Action item: Without copying the images, write out all the entries below verbatim.
▼
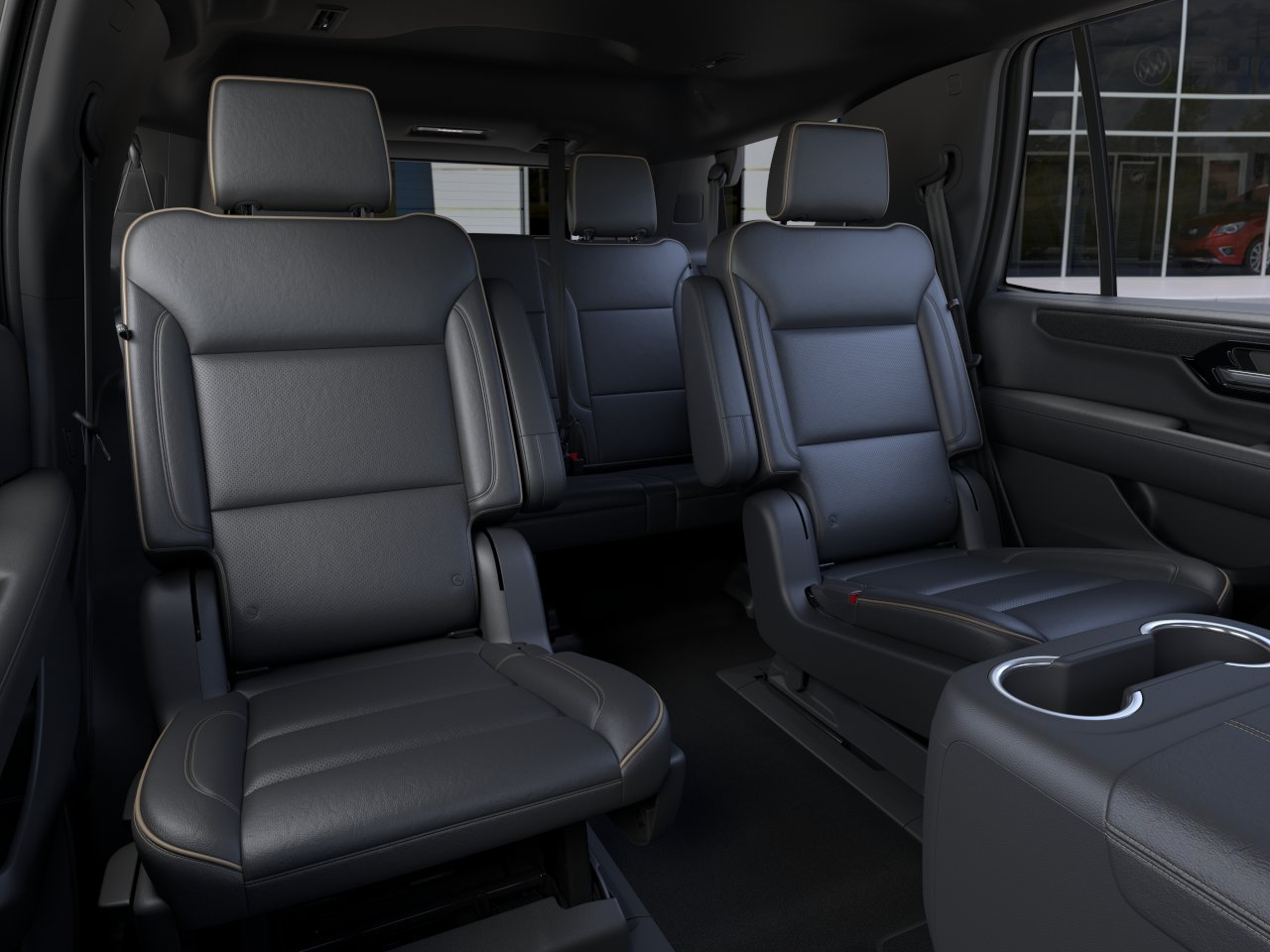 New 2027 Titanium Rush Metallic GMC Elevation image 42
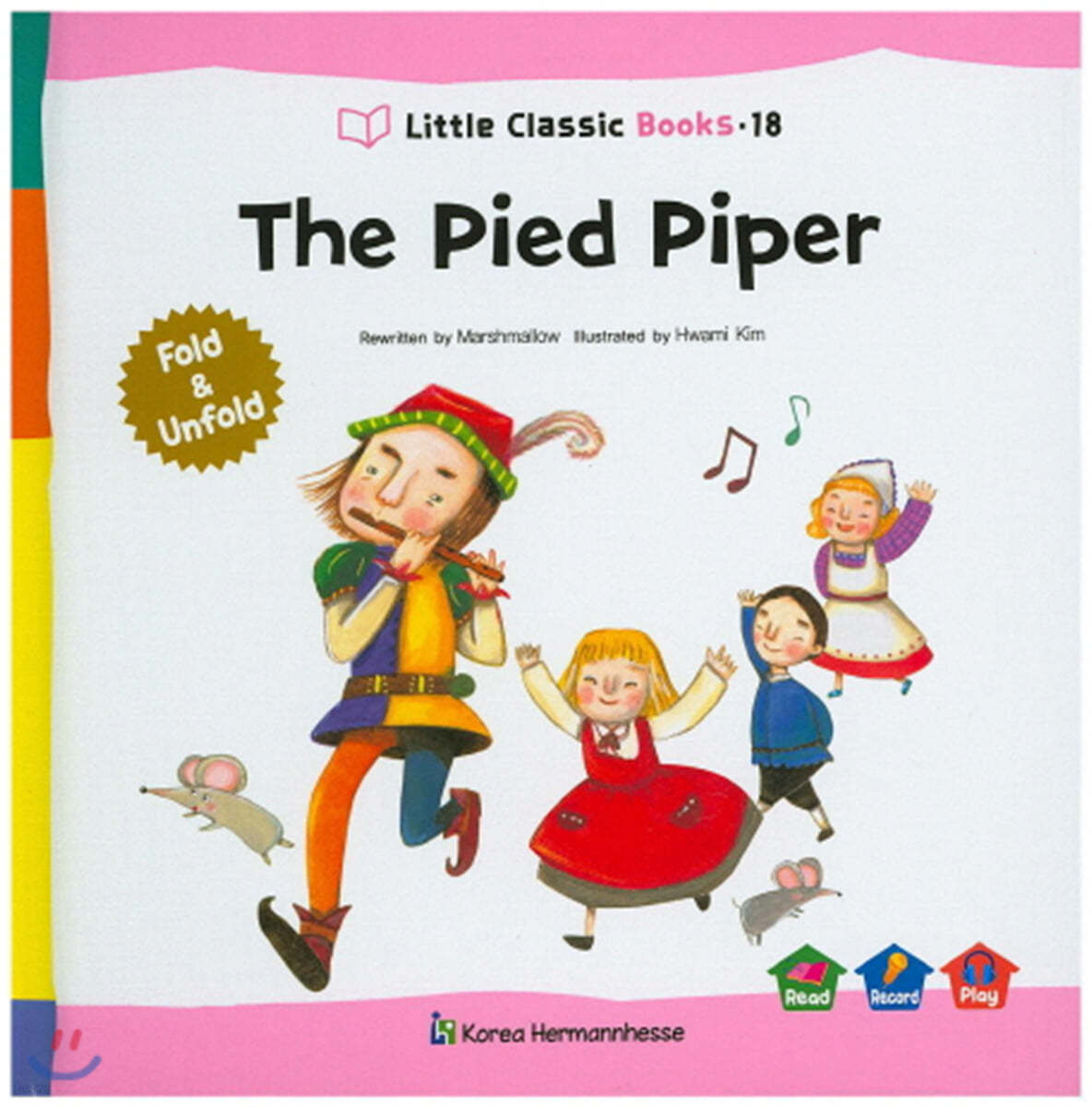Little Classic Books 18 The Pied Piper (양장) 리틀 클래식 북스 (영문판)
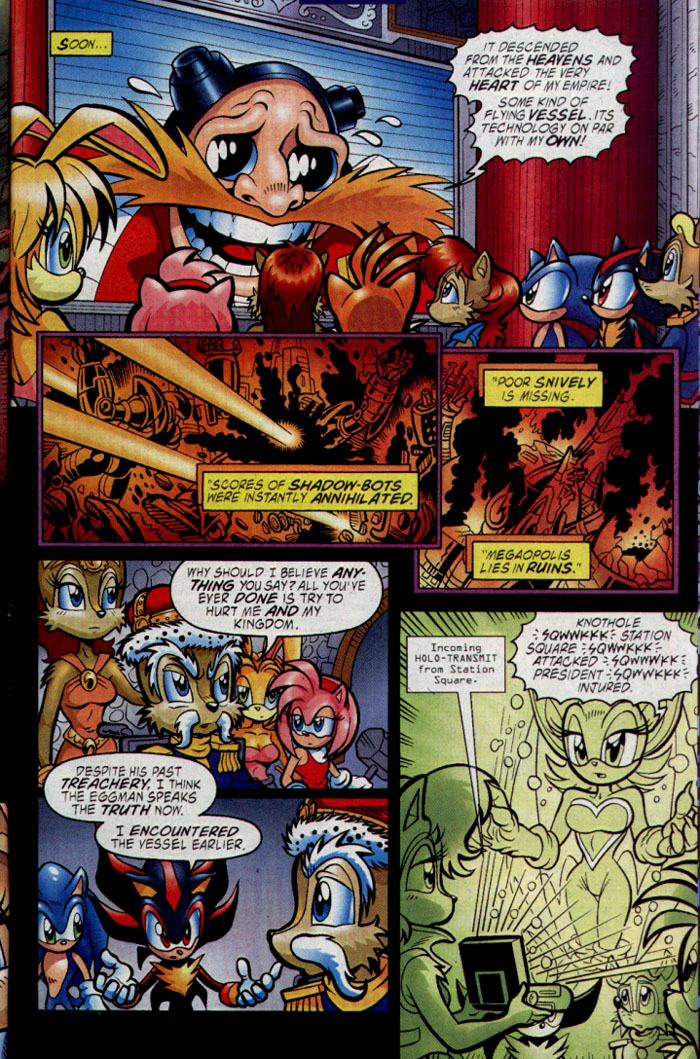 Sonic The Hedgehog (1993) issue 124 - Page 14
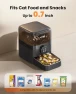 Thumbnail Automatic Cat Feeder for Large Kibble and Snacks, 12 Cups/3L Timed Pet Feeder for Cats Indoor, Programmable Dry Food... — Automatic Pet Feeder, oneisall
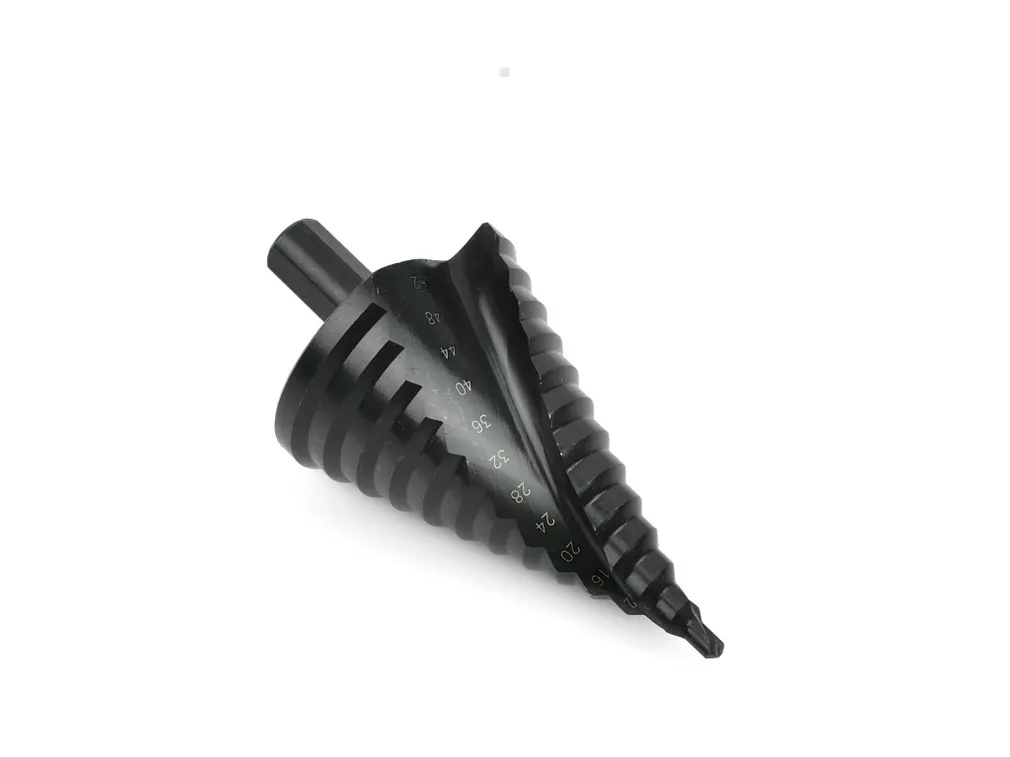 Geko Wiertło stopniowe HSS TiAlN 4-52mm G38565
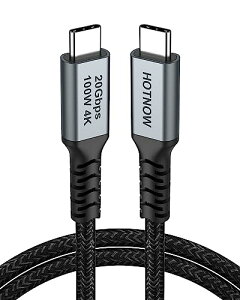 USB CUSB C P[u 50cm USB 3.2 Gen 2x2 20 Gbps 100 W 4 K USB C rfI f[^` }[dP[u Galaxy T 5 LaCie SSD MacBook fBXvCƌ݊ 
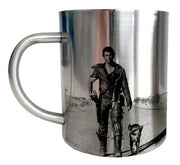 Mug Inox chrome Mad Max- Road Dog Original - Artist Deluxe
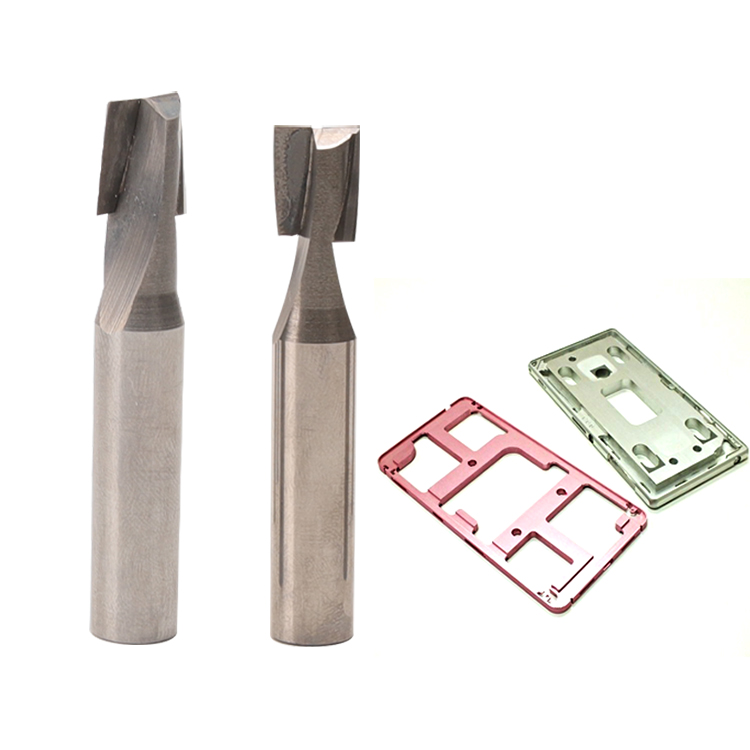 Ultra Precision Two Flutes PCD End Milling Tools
▲
Answer area:
 New 2027 Titanium Rush Metallic GMC Elevation image 42
Little Classic Books 18 The Pied Piper (양장) 리틀 클래식 북스 (영문판)
 Sonic The Hedgehog (1993) issue 124 - Page 14
 Thumbnail Automatic Cat Feeder for Large Kibble and Snacks, 12 Cups/3L Timed Pet Feeder for Cats Indoor, Programmable Dry Food... — Automatic Pet Feeder, oneisall
 Geko Wiertło stopniowe HSS TiAlN 4-52mm G38565
 USB CUSB C P[u 50cm USB 3.2 Gen 2x2 20 Gbps 100 W 4 K USB C rfI f[^` }[dP[u Galaxy T 5 LaCie SSD MacBook fBXvCƌ݊ 
 Mug Inox chrome Mad Max- Road Dog Original - Artist Deluxe
 Ultra Precision Two Flutes PCD End Milling Tools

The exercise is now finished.